La dormeuse blogue

Choses vues, choses lues, choses rêvées…

Jeanne Las Vergnas – Dès maintenant nous allons naviguer dans le monde invisible

Peu avant la Toussaint, je me suis rendue à Vals afin d'y rencontrer Jeanne Las Vergnas. Elle m'attendait dans son jardin. Nous avons profité de la douceur de l'été indien pour bavarder entre ombre et lumière sous un vieux tilleul.

Jeanne Las Vergnas est poète, auteur de 11 recueils publiés chez divers éditeurs, dont, à Paris, la Librairie Galerie Racine. Je reproduis au bas de cet article la liste des titres de Jeanne Las Vergnas enregistrés à la BnF 1.

Nous avons parlé de l'église, que l'on voit depuis le jardin, du beau ciel, des choses de la vie. Nous avons parlé aussi de Guy Chambelland, le poète, le grand éditeur aussi, qui a créé et animé de 1980 à 1986, 23 rue Racine, la librairie du Pont de l'Epée, plus tard devenue la Librairie Galerie Racine. Jeanne Las Vergnas a mentionné sans s'y attarder les recueils qu'elle a publiés. J'ai compris qu'il lui arrive de participer à des événements littéraires, des lectures à plusieurs voix, des performances, comme on dit dans le monde des arts. Je n'ai pas osé la questionner davantage. La poésie est chose secrète. Elle vient de régions que l'on ne connaît pas. Je n'avais encore rien lu de Jeanne Las Vergnas. Elle m'a donné un de ses livres, Buveuse d'espace. Je suis repartie à pied dans le crépuscule, munie de ce volume blanc, long et mince, publié en 1988 par Guy Chambelland. Je songeais en marchant au moment augural du coupe-papier, où la main qui ouvre les pages ménage la surprise d'une voix inconnue. 

Dès maintenant nous allons naviguer dans le monde invisible – moi rocher rêvant posé à cette fenêtre…

C'est la voix, ou plutôt le jeu des voix, et le ton décidé, qui m'ont attachée tout de suite. La balance du "je" et du "nous", l'invitation au voyage, l'écho des chansons de mer, Nous allons naviguer, et quelque chose de fauréen dans l'inquiétude des lointains : 

Qu'allons-nous voir ? Qu'allons-nous devenir…

La phrase est musicale et les mots donnent à voir, au plus près de la matière des songes – moi rocher rêvant posé à cette fenêtre. Les rêves se déploient Ici dans le sens de l'Ailleurs. Un souvenir de Mallarmé, l'azur, passe. Un souvenir de Rimbaud…

Et nous allons naviguer à travers ciel, à travers mers, portés sur les ailes du vent, nos pieds légers chaussés des "semelles de vent". 

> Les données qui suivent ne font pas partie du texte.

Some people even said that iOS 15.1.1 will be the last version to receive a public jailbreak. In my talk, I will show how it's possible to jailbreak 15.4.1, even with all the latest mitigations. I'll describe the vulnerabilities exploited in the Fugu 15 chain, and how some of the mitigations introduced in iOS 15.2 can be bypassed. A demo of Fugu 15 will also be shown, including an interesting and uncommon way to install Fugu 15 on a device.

Déjà cependant, aux mots des grands Anciens, le poète donne congé.

Plus aucune certitude, il va falloir tout réinventer, tout redire, tout réécrire, tout retrouver.
Pour seule lampe, la flamme vacillante de ce chandelier auquel s'allume la poésie.

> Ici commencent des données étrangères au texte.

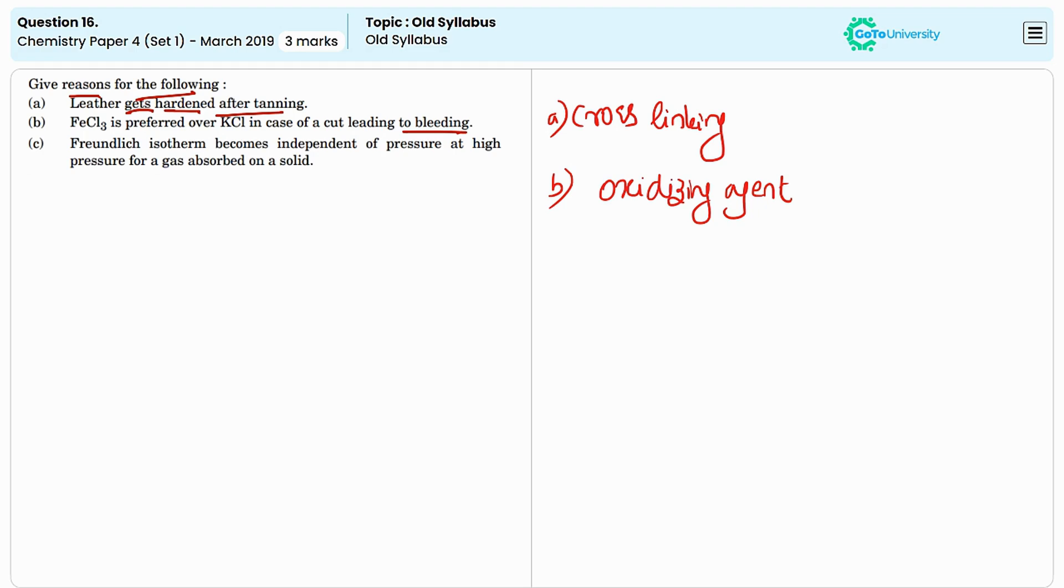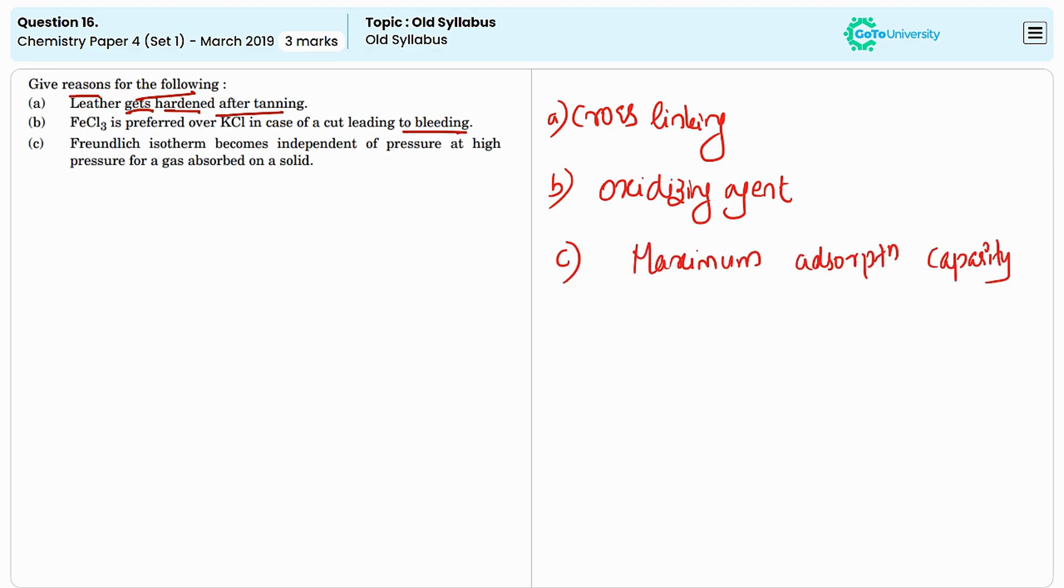The third one is, Freundlich isotherm becomes independent of pressure at high pressure for a gas absorbed on a solid. The Freundlich isotherm describes how the amount of gas absorbed on a solid surface varies with the pressure of the gas.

Buveuse d'espace, dit le titre du recueil. L'espace n'est point ici celui des coordonnées cartésiennes, mais celui du "monde invisible" qui s'ouvre, là tout contre, dans la flamme, et dans lequel, observe le poète, "je vais me laisser emporter".       

Et le monde invisible sera grand et envahissant…
Perdus et libres… qu'allons-nous découvrir ? Qu'allons-nous voir ? Qu'allons-nous devenir ?

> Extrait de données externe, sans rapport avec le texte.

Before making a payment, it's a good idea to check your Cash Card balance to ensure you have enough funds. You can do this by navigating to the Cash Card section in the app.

"Perdus et libres", j'ai lu Buveuse d'espace à la lumière de cet oxymore, qui m'emportait, moi aussi,  dans son appel d'air, dans sa vibration comme de l'arc et de la lyre. Ainsi chaloupée, j'ai lu Buveuse d'espace à la façon d'un récit de voyage, naïvement, pour connaître la suite. Jeanne Las Vergnas poète est aussi une conteuse. Elle n'explique rien, elle raconte seulement, elle marche de la sorte à la rencontre de la flèche, et tout vient, tout est là, nimbé d'une mystérieuse évidence, fruit tout à la fois de l'espérance, violente, et de la nue vérité de l'instant.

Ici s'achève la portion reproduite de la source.